No Brasil, as propostas de ajuste na previdência social variam, dependendo da avaliação sobre as causas do déficit. Se considerado apenas o INSS, há um déficit crescente. Se analisada toda a Seguridade Social, há indícios de que o problema poderia ser menor ou até inexistente, dependendo da gestão dos recursos. De qualquer forma, o envelhecimento populacional exige mudanças no sistema para garantir sua sustentabilidade no longo prazo.
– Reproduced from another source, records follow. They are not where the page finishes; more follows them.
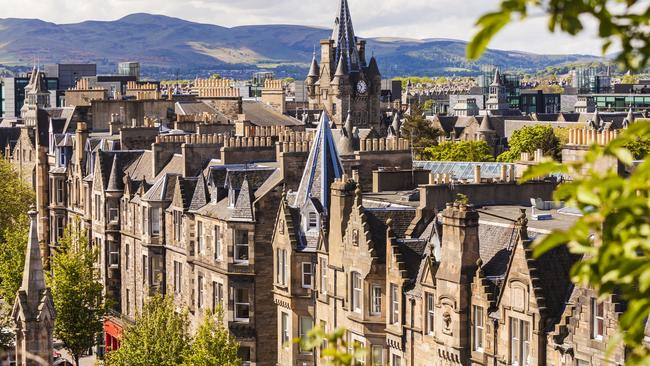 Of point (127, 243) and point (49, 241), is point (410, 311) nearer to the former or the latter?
point (127, 243)

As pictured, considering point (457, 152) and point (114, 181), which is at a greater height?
point (114, 181)

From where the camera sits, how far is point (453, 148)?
504ft

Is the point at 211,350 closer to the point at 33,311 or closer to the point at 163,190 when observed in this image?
the point at 33,311

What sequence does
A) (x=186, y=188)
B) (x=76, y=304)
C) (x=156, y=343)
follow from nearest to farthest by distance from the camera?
(x=156, y=343), (x=186, y=188), (x=76, y=304)

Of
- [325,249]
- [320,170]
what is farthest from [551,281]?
[320,170]

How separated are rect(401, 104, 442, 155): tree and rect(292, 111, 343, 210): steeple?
109178 mm

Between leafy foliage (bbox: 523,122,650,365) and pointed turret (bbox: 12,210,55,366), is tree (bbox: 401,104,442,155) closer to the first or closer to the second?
pointed turret (bbox: 12,210,55,366)

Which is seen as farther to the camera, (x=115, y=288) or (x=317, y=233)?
(x=115, y=288)

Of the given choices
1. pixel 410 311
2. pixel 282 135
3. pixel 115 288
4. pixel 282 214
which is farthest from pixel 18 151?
pixel 410 311

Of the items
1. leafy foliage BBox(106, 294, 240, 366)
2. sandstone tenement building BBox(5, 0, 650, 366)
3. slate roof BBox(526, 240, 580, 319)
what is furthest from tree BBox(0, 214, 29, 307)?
slate roof BBox(526, 240, 580, 319)

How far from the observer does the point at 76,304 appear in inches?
2933

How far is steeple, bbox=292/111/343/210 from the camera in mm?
55816

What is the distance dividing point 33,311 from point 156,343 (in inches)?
253

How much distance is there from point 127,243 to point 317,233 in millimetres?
28634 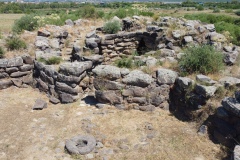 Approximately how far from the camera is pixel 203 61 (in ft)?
25.9

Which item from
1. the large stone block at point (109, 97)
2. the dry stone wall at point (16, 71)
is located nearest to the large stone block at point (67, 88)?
the large stone block at point (109, 97)

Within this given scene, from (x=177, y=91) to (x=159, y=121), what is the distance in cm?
112

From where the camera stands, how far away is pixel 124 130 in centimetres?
690

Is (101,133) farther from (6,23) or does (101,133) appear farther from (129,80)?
(6,23)

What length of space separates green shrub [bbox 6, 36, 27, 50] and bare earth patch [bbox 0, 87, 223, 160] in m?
3.01

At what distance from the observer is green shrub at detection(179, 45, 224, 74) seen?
7836 millimetres

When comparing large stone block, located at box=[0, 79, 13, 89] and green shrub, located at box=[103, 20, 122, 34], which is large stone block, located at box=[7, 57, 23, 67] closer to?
large stone block, located at box=[0, 79, 13, 89]

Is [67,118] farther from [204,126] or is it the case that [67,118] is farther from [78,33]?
[78,33]

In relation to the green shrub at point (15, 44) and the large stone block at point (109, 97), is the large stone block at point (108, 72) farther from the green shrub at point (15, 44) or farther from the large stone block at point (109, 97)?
the green shrub at point (15, 44)

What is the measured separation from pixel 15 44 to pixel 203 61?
7.49 m

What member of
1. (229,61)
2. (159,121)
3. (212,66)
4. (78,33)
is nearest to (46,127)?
(159,121)

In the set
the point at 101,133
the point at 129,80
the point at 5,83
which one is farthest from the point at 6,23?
the point at 101,133

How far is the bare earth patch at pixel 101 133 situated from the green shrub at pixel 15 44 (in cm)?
301

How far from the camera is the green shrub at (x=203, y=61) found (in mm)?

Para combater o déficit da Previdência de forma sustentável, o Brasil precisa adotar uma abordagem equilibrada, combinando ajustes nas regras de aposentadoria, melhorias na arrecadação e estímulos ao crescimento econômico. Algumas estratégias eficazes incluem:

  • Aumento na formalização do mercado de trabalho – se mais pessoas forem formalizadas, a arrecadação aumentará e ajudará a equilibrar as contas. Para tanto, há que se explorar caminhos como a redução da burocracia e dos encargos trabalhistas para incentivar a formalização; criação de incentivos para MEIs (Microempreendedores Individuais) e pequenas empresas registrarem funcionários.
  • Melhoria do sistema de fiscalização contra fraudes e o trabalho informal – para reduzir os pagamentos indevidos e fraudes, ampliar o uso de tecnologia, como biometria e inteligência artificial; fazer revisão periódica dos benefícios para garantir que estejam sendo pagos corretamente; e punição das fraudes com maior rigor.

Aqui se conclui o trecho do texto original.